このように、アウトソーシングにはメリットだけでなくデメリットも少なくありませんが、外部委託するにあたってそれぞれ対策を行なうことで、デメリットを軽減することが可能となります。
さて、自社雇用の社員以外に業務を行なってもらう経営戦略の手法として、アウトソーシングの他に派遣スタッフを使う方法があります。
しかし、派遣とアウトソーシングの両方を取り扱う派遣会社も存在するため、「派遣とアウトソーシングの違いがわからない」という方もいらっしゃるのではないでしょうか。
アウトソーシングと派遣の違いや、それぞれを使う上でのメリットやデメリットは一体どのようなものでしょうか。
まず大きな違いとして、アウトソーシングが事務や倉庫管理といった業務自体を他の企業へ外部委託するのに対し、派遣では派遣会社から企業へ人員が派遣され、その企業内で事務や倉庫管理の業務に従事するという違いがあります。
そのため、指揮系統が外部委託先にあるアウトソーシングと違い、派遣スタッフの指揮系統は派遣先の企業になるという違いがあります。
このことから、企業から直接指示できないデメリットがあるアウトソーシングと違い、派遣では企業から直接指示をすることができる点がメリットです。
一方で、派遣では業務における細かい指示を行なう必要のあるデメリットがあるのに対し、アウトソーシングでは外部委託先がそれらを行なうため手間がかからないというメリットがあります。
また、アウトソーシングと派遣では仕事内容に制限があるかないかという違いがあります。
外部委託の場合はそこで働くスタッフは自社社員であるため、事故などに対して責任範囲を問われることはありませんが、一方で、派遣では派遣スタッフを派遣会社から「借りている」ため、事故などがあった場合責任範囲が問われるというデメリットが生じます。
そのため外部委託には仕事内容の制限がないのに対し、派遣においては、港湾運送業務、建設業務、警備業務といった危険が伴う仕事に派遣スタッフを従事させることが禁止されているというデメリットがあります。
また、派遣には同じ会社に対する派遣期間が最長で3年であるなど、派遣期間についての制限があるという違いにも注意が必要です。
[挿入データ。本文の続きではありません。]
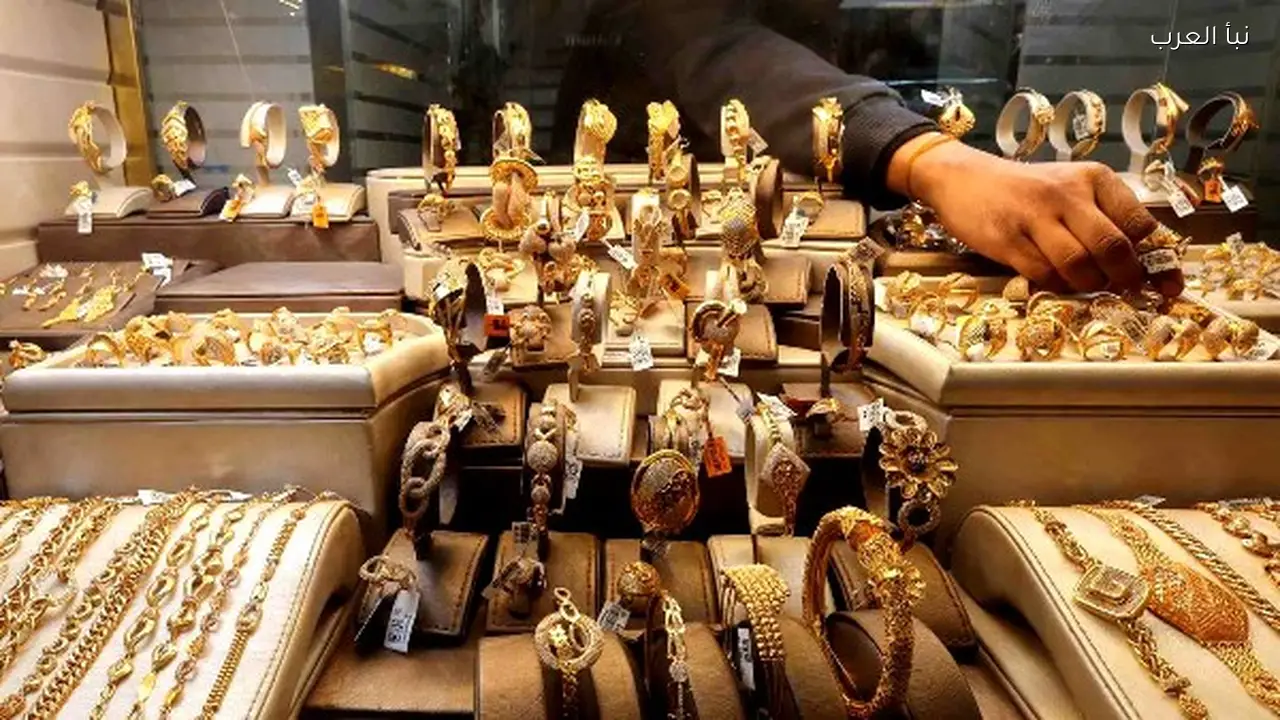 سعر الذهب اليوم في مصر الخميس 26 مارس 2026.. تراجع ملحوظ في ختام التعاملات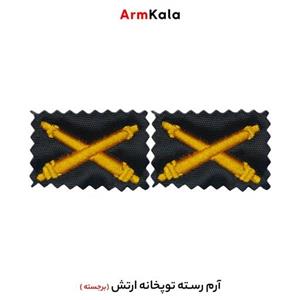 آرم رسته توپخانه ارتش مدل پفکی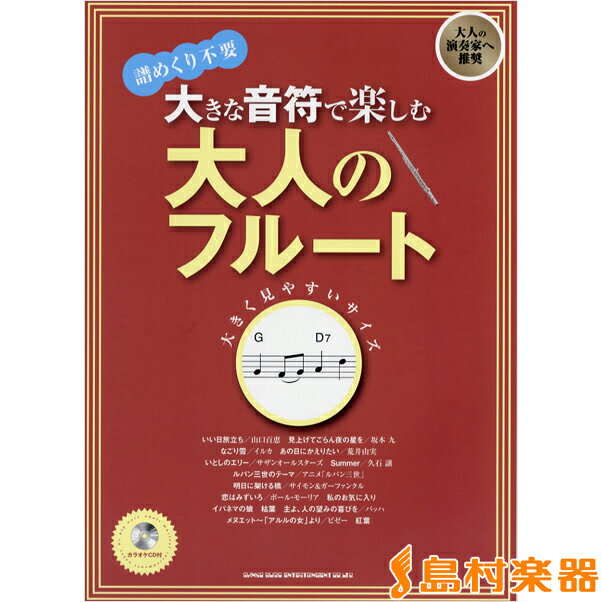 楽譜 大きな音符で楽しむ 大人のフルート カラオケCD付 ／ シンコーミュージックエンタテイメント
このように、アウトソーシングと派遣では指示系統や仕事内容の違いから、使用する上でそれぞれメリットやデメリットがあります。
実際のコストとこれらのメリットやデメリットを比較しながら戦略的に、業務に合った手法を使うことが重要です。
では、これらのアウトソーシングを活かして業務効率化とコスト最適化というメリットを得るにあたり、どのような活用例があるでしょうか。
以下に外部委託のメリットを活かした2つのケースを示します。
ケース1)ハイブリッドアウトソーシングによる効率化とコスト削減
物流倉庫の在庫管理や物流倉庫からの出荷作業といった物流倉庫管理の業務は、ノンコア業務でありながら物流という企業に欠かせない重要な業務です。
しかし、季節物を扱う物流倉庫などでは、倉庫管理は繁忙期とそうでない時期とで業務量が異なり、業務効率化や人件費のコスト削減が難しいというデメリットがあります。
このような物流倉庫などでコスト最適化に有効なのが「ハイブリッドアウトソーシング」といった、アウトソーシングを用いた方法です。
これは、物流倉庫業務の作業員として派遣スタッフやアルバイトを用いるのではなく、物流倉庫での倉庫管理そのものを派遣も請負も可能な派遣会社へアウトソーシングし、その外部委託された派遣会社の常駐管理者が業務量に応じた人員調整により物流倉庫管理や発送代行を行なうというものです。
このハイブリッドアウトソーシングという手法のメリットは、外部委託により物流倉庫管理を行なっていた正社員をコア事業に注力させることができる点はもちろん、外部委託先が「スポット人員の動員も得意とする派遣会社」であることによる人員調整と業務の効率化と、この効率化による派遣コスト最適化が可能な点です。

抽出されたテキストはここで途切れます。